— Records contained in a dataset —
--------

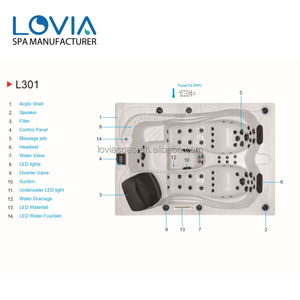 Jacuzzi de Lujo con Jets de Masaje, <span class=keywords><strong>Spa</strong></span> Exterior para 2 o 3 Personas, Moderno Jacuzzi con Sistema Balboa - Product Image 6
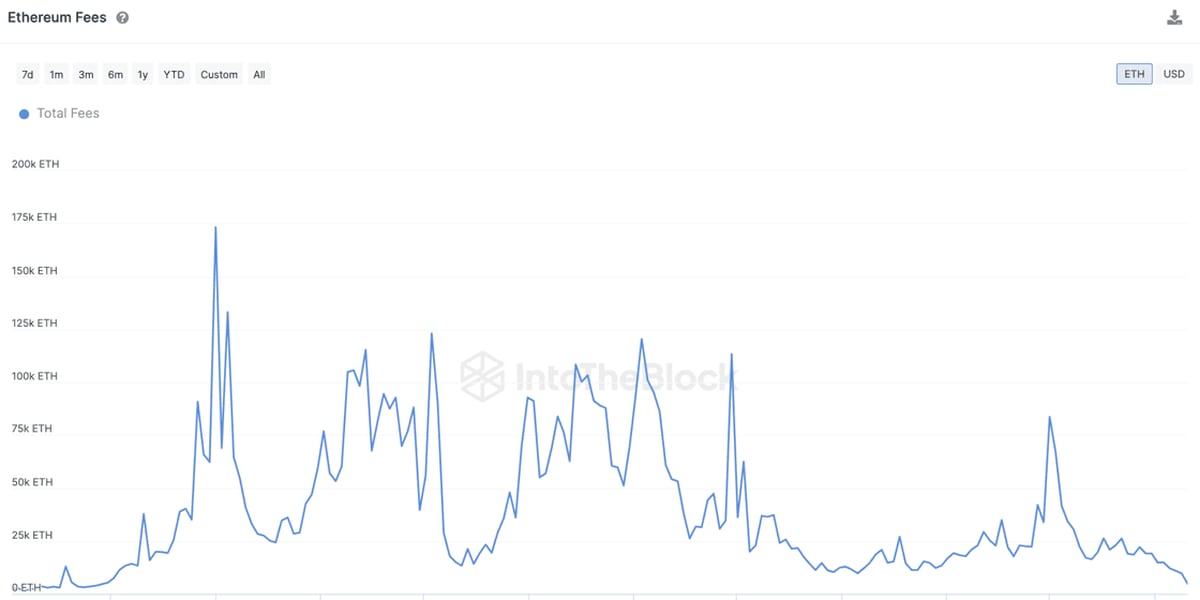 Ethereum Price Prediction , , , , - Coinnounce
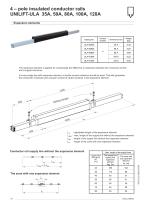 4 - pole insulated conductor rails UNILIFT - ULA - 35A, 50A, 80A, 100A, 120A-10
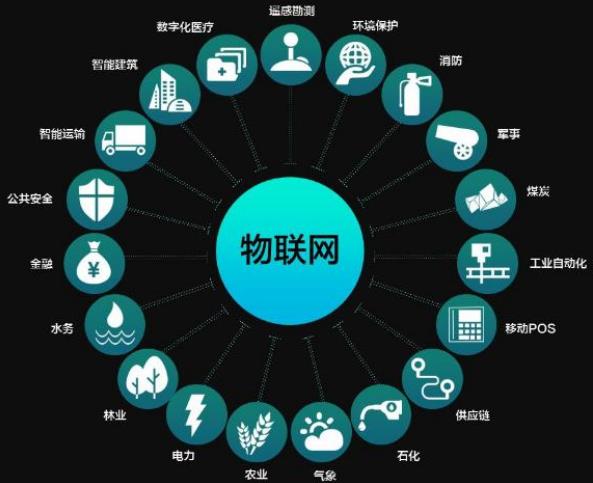 差強(qiáng)人意的物聯(lián)網(wǎng)設(shè)備連接現(xiàn)狀與實時連接的美好未來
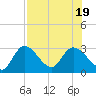 Tide chart for Content Keys, Content Passage, florida on 2022/07/19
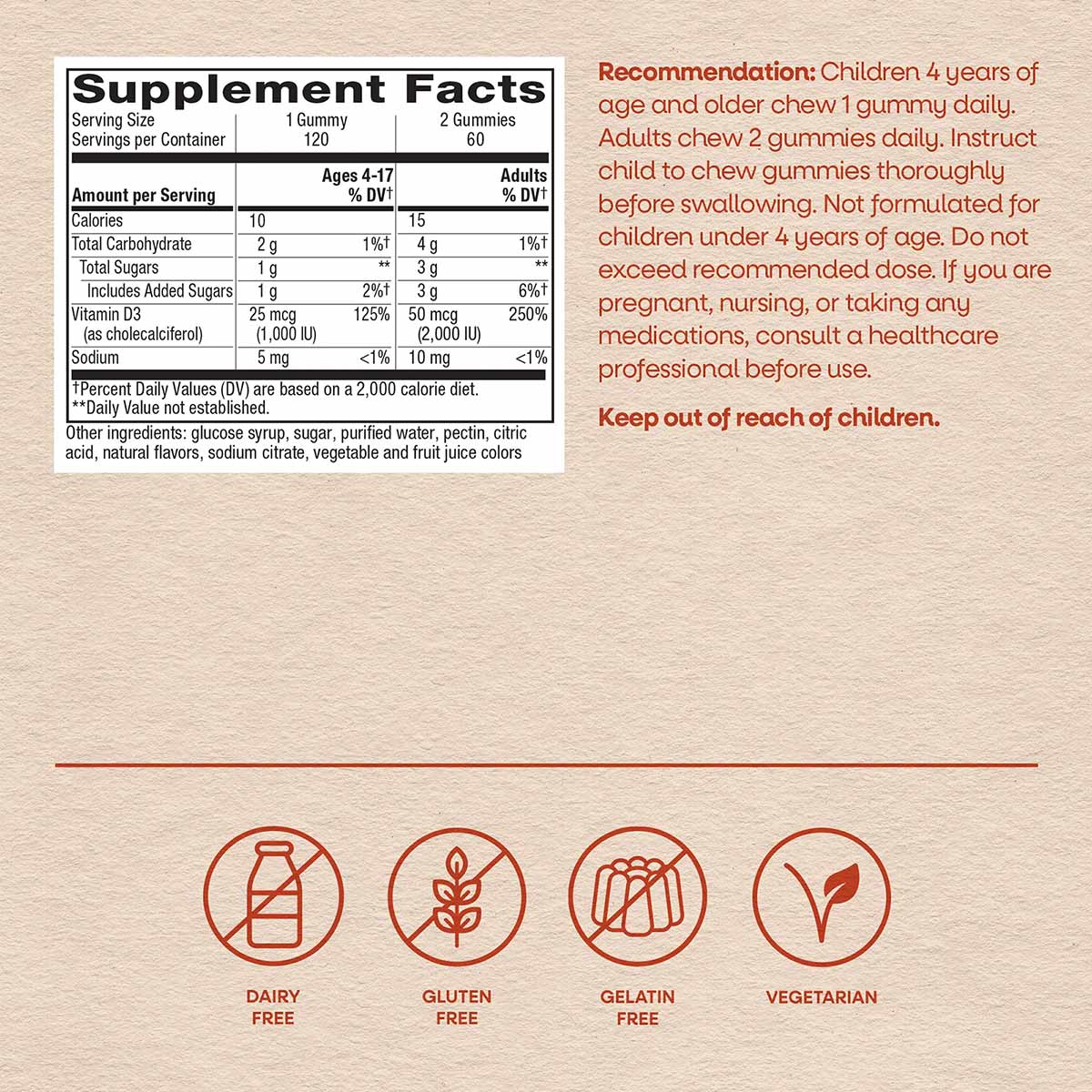 Supplement Facts label for Vitamin D3 Gummies showing nutrition information, dosage recommendations, and dietary attribute ic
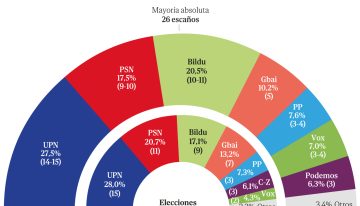 Chivite fracasa en la gestión de la crisis, con un 70% exigiendo explicaciones y destituciones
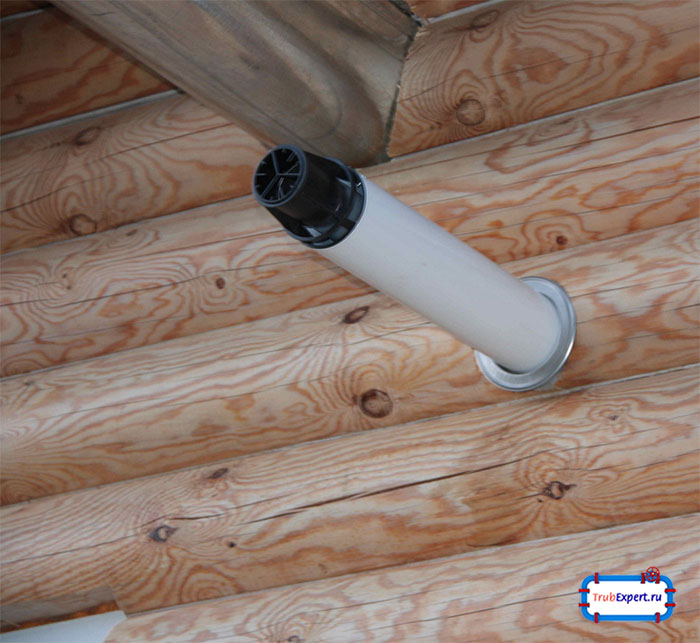 Горизонтальный дымоход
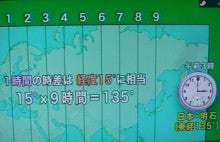 ウォッチホリックおやじのブログ
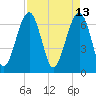 Capers Creek tide chart for Wednesday, April 13, 2022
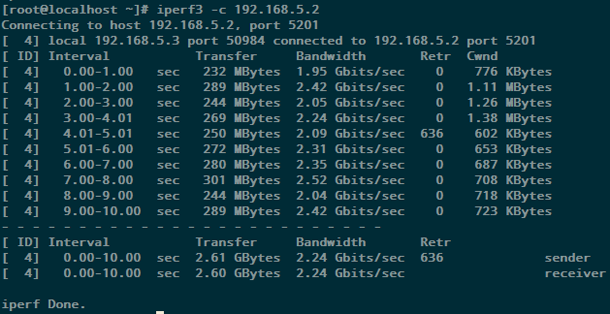 【DPDK】使用 Open vSwitch * 采用 DPDK 帧间 VM NFV 应用程序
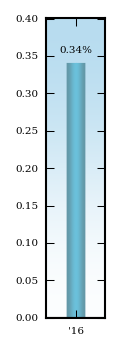 Bar Chart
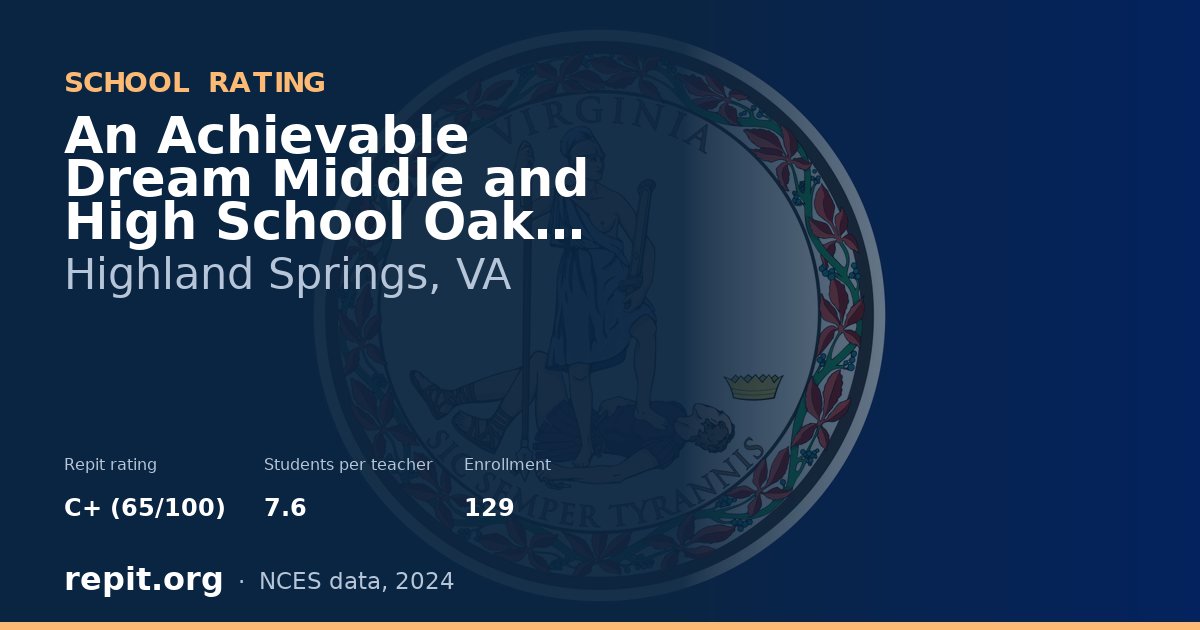 An Achievable Dream Middle and High School Oak Avenue Comple, Highland Springs, VA — Repit school rating C+ (65/100)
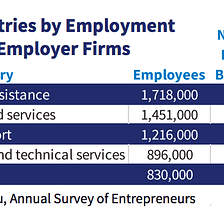 THE IMPACTS OF THE COVID-19 CRISIS ON WOMAN-OWNED BUSINESSES, PART 2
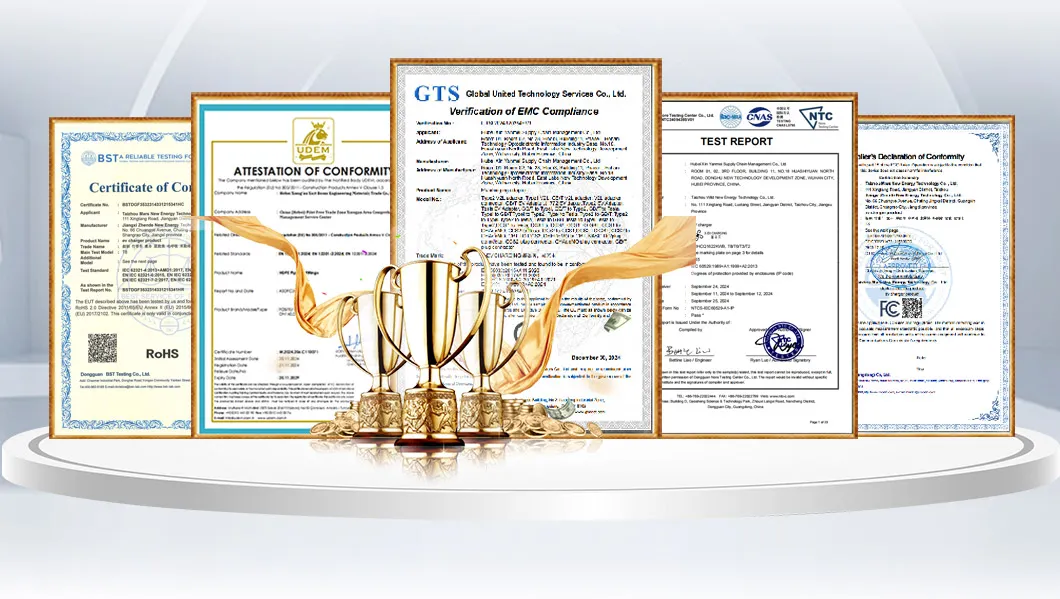 Certificates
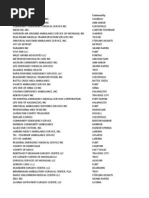 COPYmedicare Aggregate - MI-1 Top 210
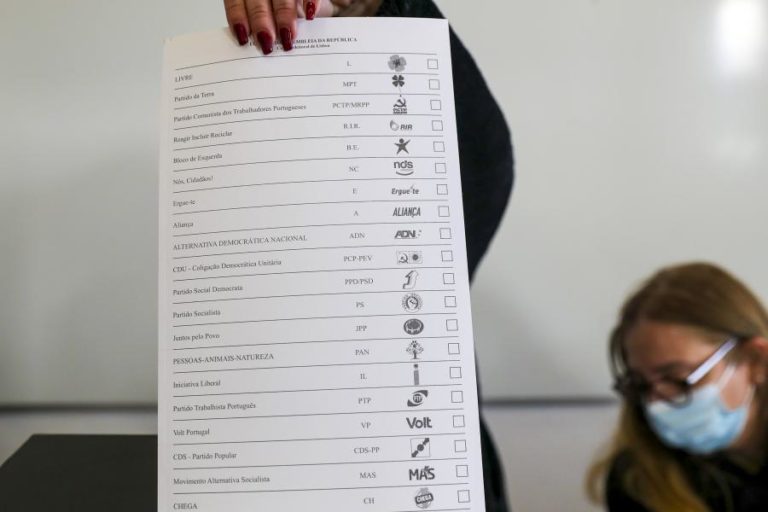 Legislativas: Votos de emigrantes dão dois deputados ao PS e outros dois ao PSD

--------

— Work request —
The records above should be reproduced exactly, with no pictures included.

— Output —
 Jacuzzi de Lujo con Jets de Masaje, <span class=keywords><strong>Spa</strong></span> Exterior para 2 o 3 Personas, Moderno Jacuzzi con Sistema Balboa - Product Image 6
 Ethereum Price Prediction , , , , - Coinnounce
 4 - pole insulated conductor rails UNILIFT - ULA - 35A, 50A, 80A, 100A, 120A-10
 差強(qiáng)人意的物聯(lián)網(wǎng)設(shè)備連接現(xiàn)狀與實時連接的美好未來
 Tide chart for Content Keys, Content Passage, florida on 2022/07/19
 Supplement Facts label for Vitamin D3 Gummies showing nutrition information, dosage recommendations, and dietary attribute ic
 Chivite fracasa en la gestión de la crisis, con un 70% exigiendo explicaciones y destituciones
 Горизонтальный дымоход
 ウォッチホリックおやじのブログ
 Capers Creek tide chart for Wednesday, April 13, 2022
 【DPDK】使用 Open vSwitch * 采用 DPDK 帧间 VM NFV 应用程序
 Bar Chart
 An Achievable Dream Middle and High School Oak Avenue Comple, Highland Springs, VA — Repit school rating C+ (65/100)
 THE IMPACTS OF THE COVID-19 CRISIS ON WOMAN-OWNED BUSINESSES, PART 2
 Certificates
 COPYmedicare Aggregate - MI-1 Top 210
 Legislativas: Votos de emigrantes dão dois deputados ao PS e outros dois ao PSD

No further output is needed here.